Segment Start: Supplied data

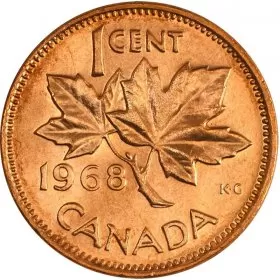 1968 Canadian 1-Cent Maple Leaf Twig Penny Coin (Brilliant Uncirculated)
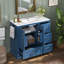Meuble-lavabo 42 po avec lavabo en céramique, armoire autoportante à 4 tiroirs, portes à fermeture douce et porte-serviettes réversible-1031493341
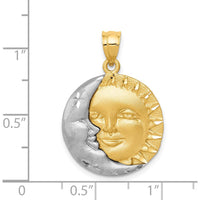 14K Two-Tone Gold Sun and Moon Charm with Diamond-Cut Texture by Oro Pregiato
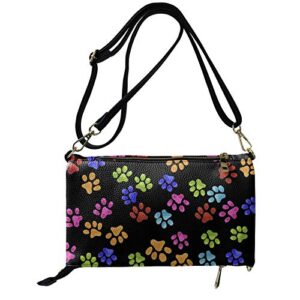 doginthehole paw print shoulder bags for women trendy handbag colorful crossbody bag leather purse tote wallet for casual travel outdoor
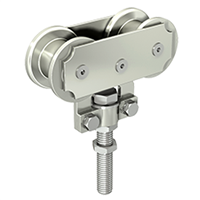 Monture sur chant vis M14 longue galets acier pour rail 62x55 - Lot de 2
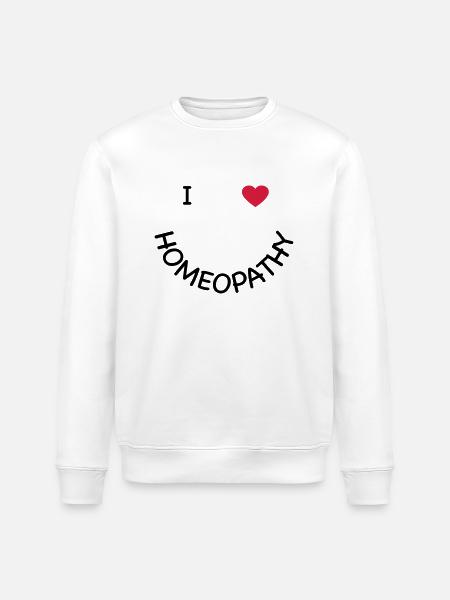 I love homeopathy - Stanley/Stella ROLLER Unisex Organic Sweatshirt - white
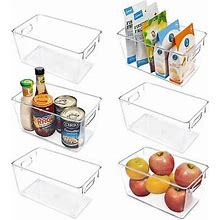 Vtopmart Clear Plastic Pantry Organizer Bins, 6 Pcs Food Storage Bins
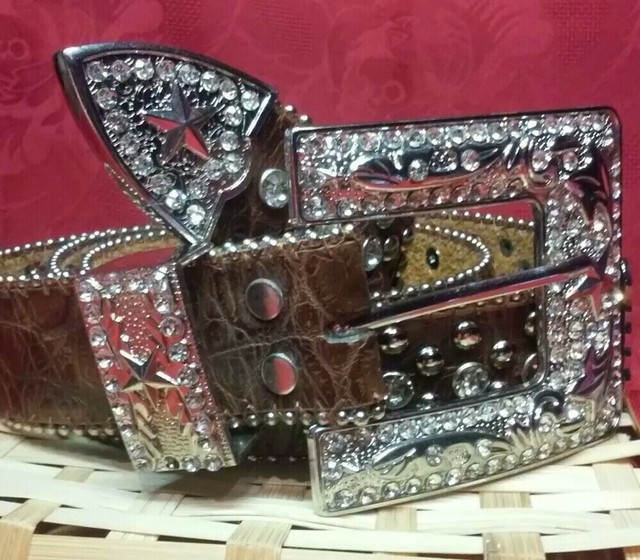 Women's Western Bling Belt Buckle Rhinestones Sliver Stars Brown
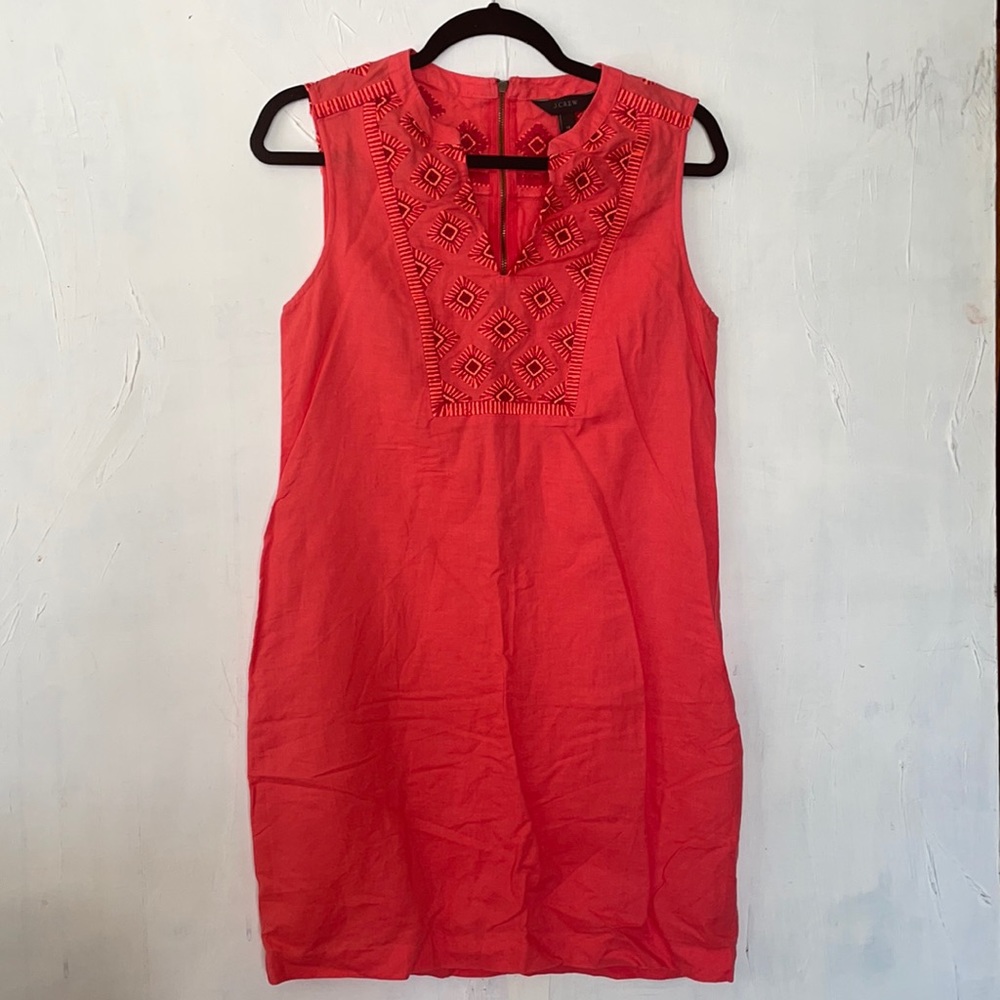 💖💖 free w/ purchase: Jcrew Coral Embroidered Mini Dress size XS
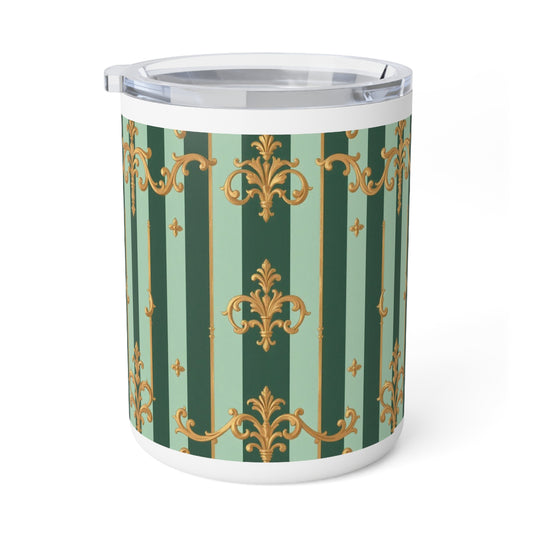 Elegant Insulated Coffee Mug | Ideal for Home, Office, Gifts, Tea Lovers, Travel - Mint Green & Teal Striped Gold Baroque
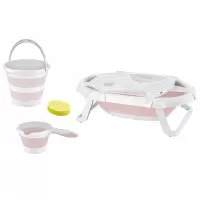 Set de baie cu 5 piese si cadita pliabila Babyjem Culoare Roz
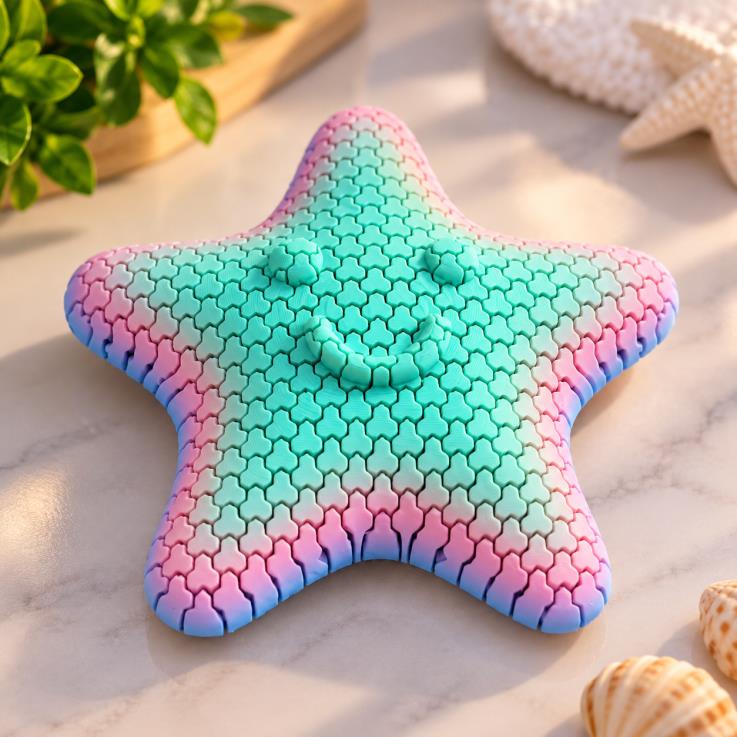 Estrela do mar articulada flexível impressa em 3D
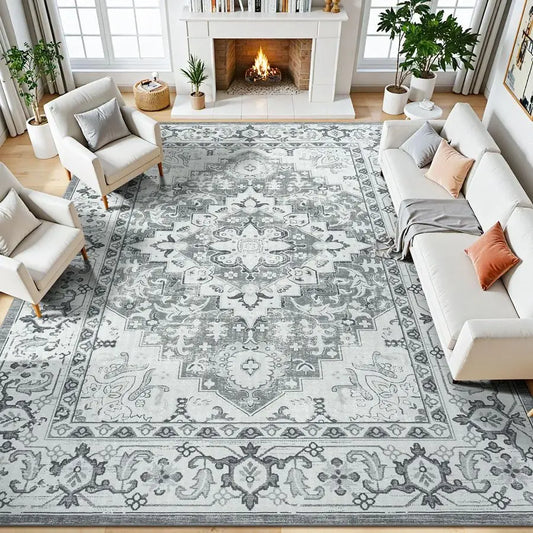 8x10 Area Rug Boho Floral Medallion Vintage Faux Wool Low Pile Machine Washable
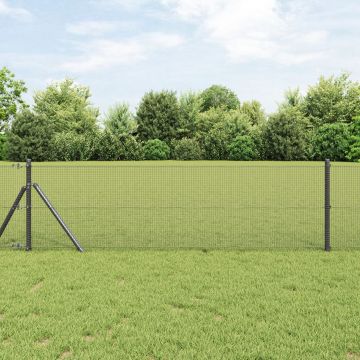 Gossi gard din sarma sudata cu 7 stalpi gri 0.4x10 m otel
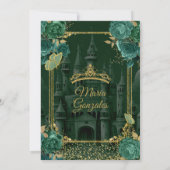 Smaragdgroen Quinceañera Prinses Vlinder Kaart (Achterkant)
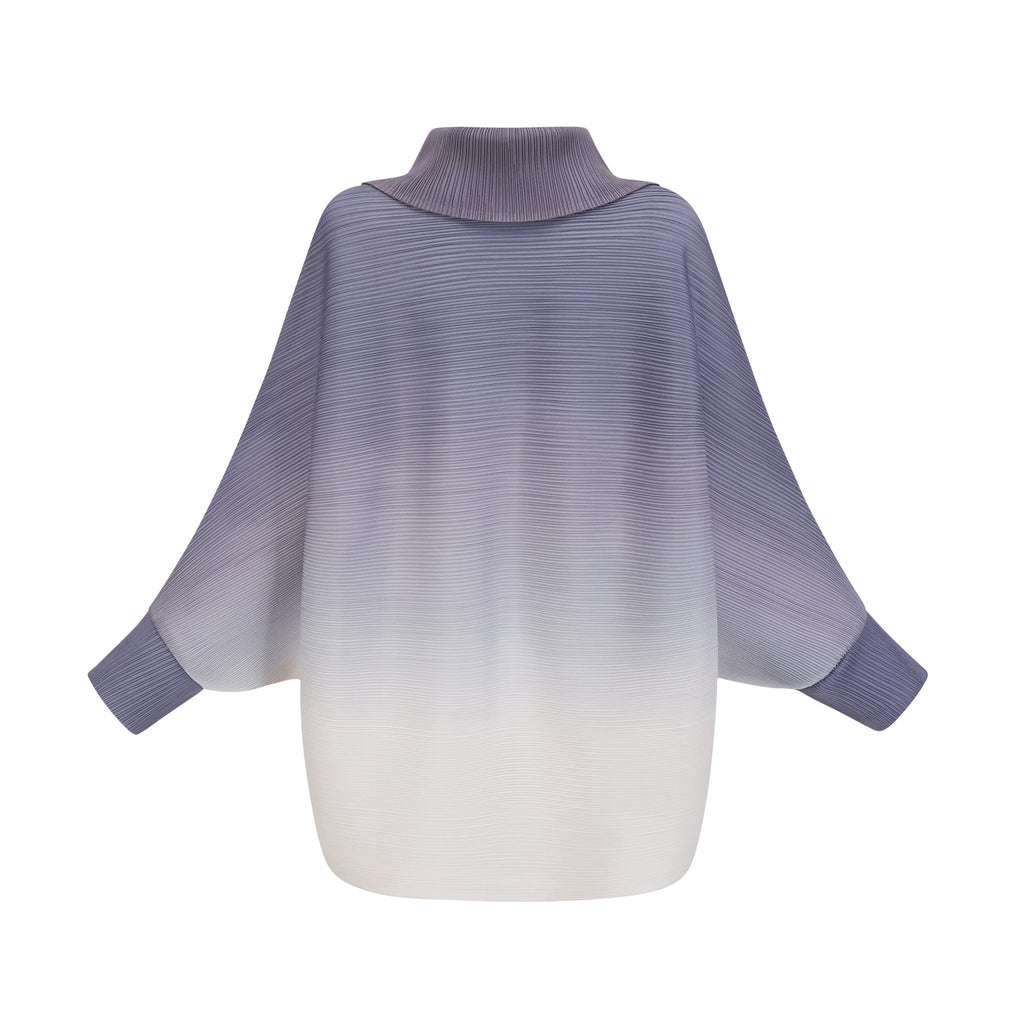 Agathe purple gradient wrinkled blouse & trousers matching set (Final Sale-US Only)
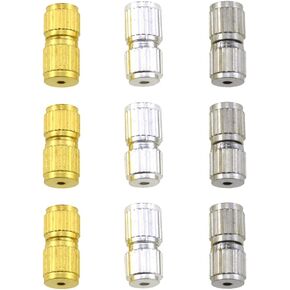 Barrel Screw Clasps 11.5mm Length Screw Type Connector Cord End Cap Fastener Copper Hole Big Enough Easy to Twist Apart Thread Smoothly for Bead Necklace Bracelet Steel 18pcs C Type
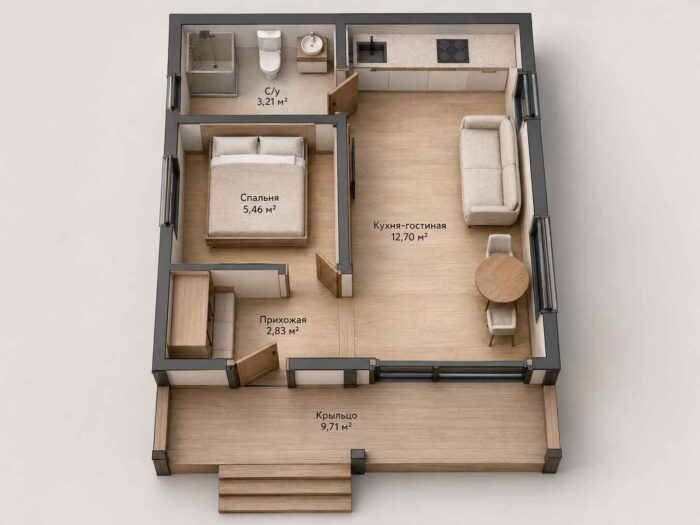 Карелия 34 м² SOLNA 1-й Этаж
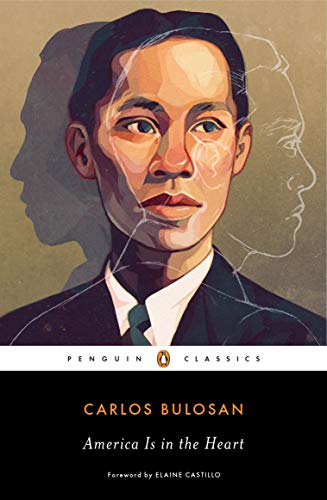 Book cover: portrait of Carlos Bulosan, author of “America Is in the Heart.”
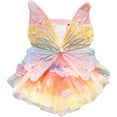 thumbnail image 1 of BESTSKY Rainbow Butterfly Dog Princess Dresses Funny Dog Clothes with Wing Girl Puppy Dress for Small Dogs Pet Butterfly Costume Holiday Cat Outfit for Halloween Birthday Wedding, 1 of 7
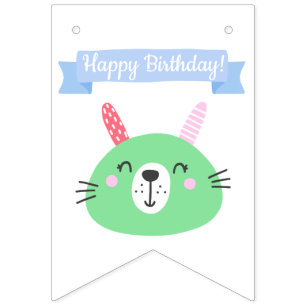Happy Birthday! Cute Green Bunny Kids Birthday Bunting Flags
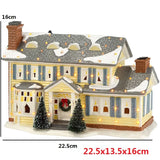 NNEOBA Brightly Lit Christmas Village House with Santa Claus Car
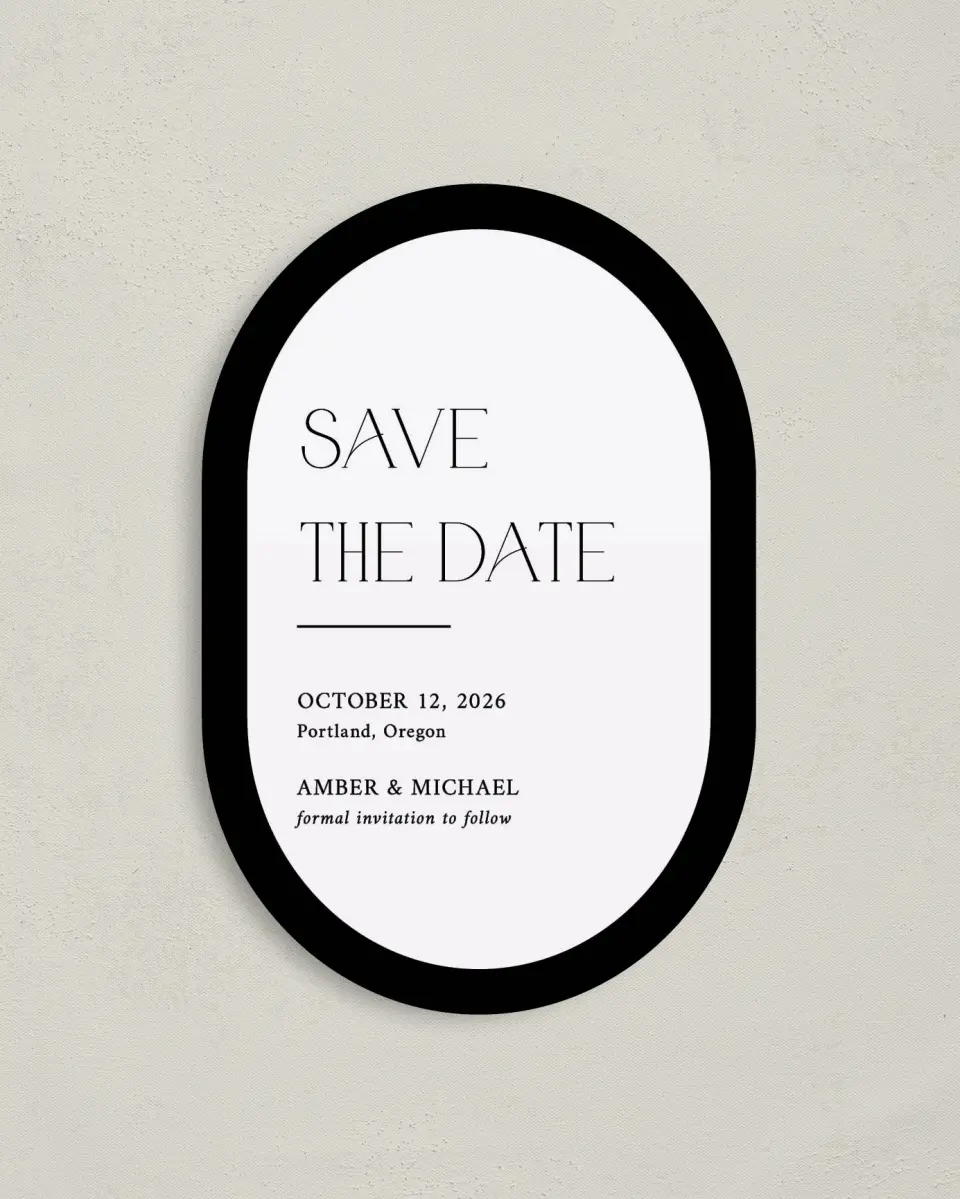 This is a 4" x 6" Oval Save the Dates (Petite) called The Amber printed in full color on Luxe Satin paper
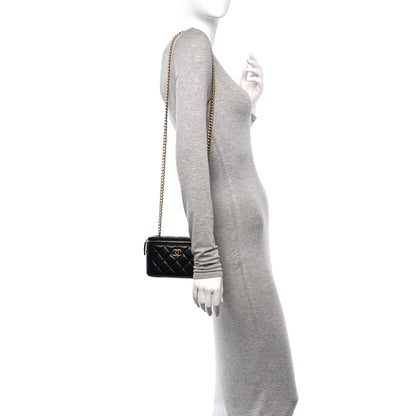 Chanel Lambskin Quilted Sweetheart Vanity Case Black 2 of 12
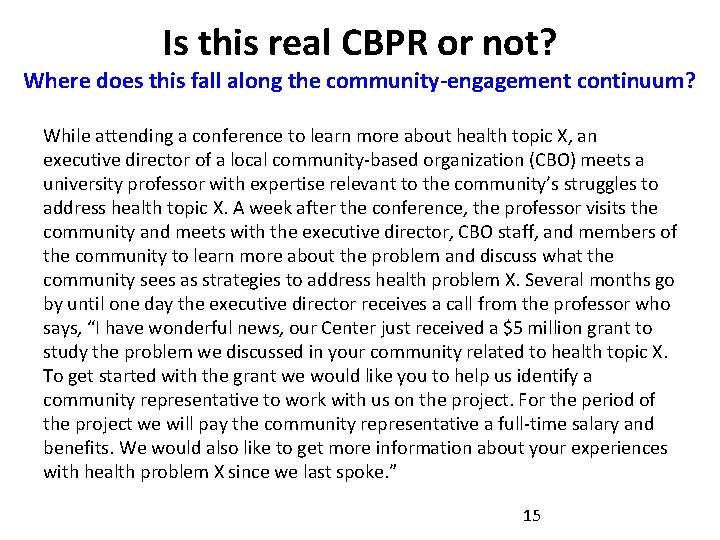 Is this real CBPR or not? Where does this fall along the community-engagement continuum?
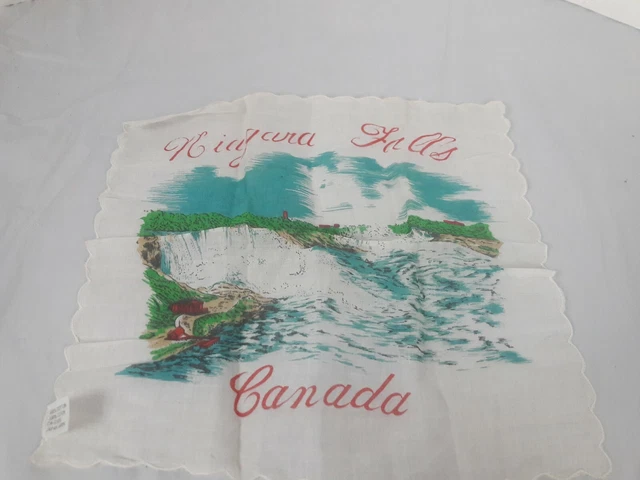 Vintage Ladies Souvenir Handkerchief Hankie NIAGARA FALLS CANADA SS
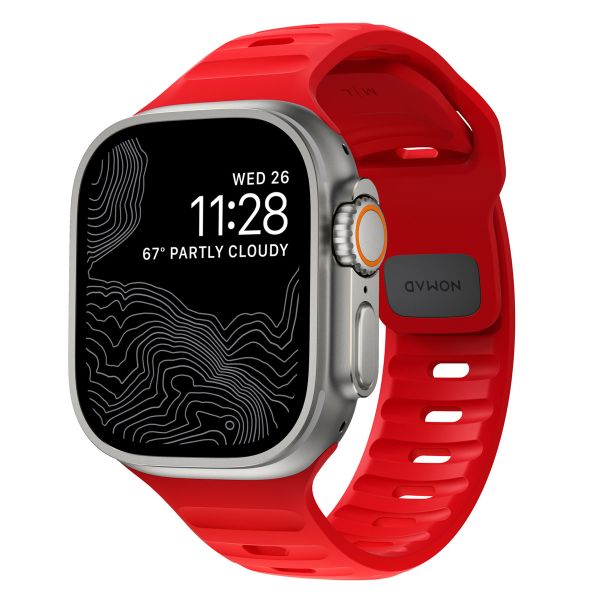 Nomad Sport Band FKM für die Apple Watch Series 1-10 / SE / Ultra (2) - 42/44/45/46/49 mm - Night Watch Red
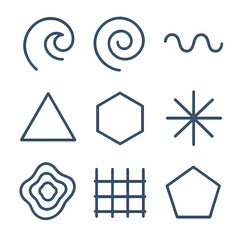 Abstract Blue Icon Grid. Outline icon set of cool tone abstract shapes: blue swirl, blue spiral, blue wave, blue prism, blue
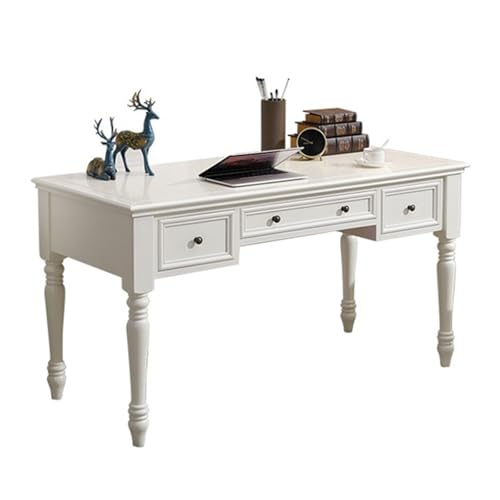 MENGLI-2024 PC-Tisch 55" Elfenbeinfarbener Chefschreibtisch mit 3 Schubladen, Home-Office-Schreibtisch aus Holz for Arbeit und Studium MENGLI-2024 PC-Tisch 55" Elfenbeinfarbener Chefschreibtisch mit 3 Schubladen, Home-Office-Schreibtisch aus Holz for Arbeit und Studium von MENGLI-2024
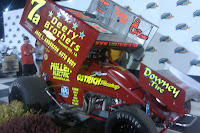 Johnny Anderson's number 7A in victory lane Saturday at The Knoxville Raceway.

Segment End: Supplied data

• Problem requirements
Start at the line containing "Book cover: portrait" above and stop at the line containing "Abstract Blue Icon". Output those lines exactly, both included, but none of the pictures.

• Problem solution
 Book cover: portrait of Carlos Bulosan, author of “America Is in the Heart.”
 thumbnail image 1 of BESTSKY Rainbow Butterfly Dog Princess Dresses Funny Dog Clothes with Wing Girl Puppy Dress for Small Dogs Pet Butterfly Costume Holiday Cat Outfit for Halloween Birthday Wedding, 1 of 7
Happy Birthday! Cute Green Bunny Kids Birthday Bunting Flags
 NNEOBA Brightly Lit Christmas Village House with Santa Claus Car
 This is a 4" x 6" Oval Save the Dates (Petite) called The Amber printed in full color on Luxe Satin paper
 Chanel Lambskin Quilted Sweetheart Vanity Case Black 2 of 12
 Is this real CBPR or not? Where does this fall along the community-engagement continuum?
 Vintage Ladies Souvenir Handkerchief Hankie NIAGARA FALLS CANADA SS
 Nomad Sport Band FKM für die Apple Watch Series 1-10 / SE / Ultra (2) - 42/44/45/46/49 mm - Night Watch Red
 Abstract Blue Icon Grid. Outline icon set of cool tone abstract shapes: blue swirl, blue spiral, blue wave, blue prism, blue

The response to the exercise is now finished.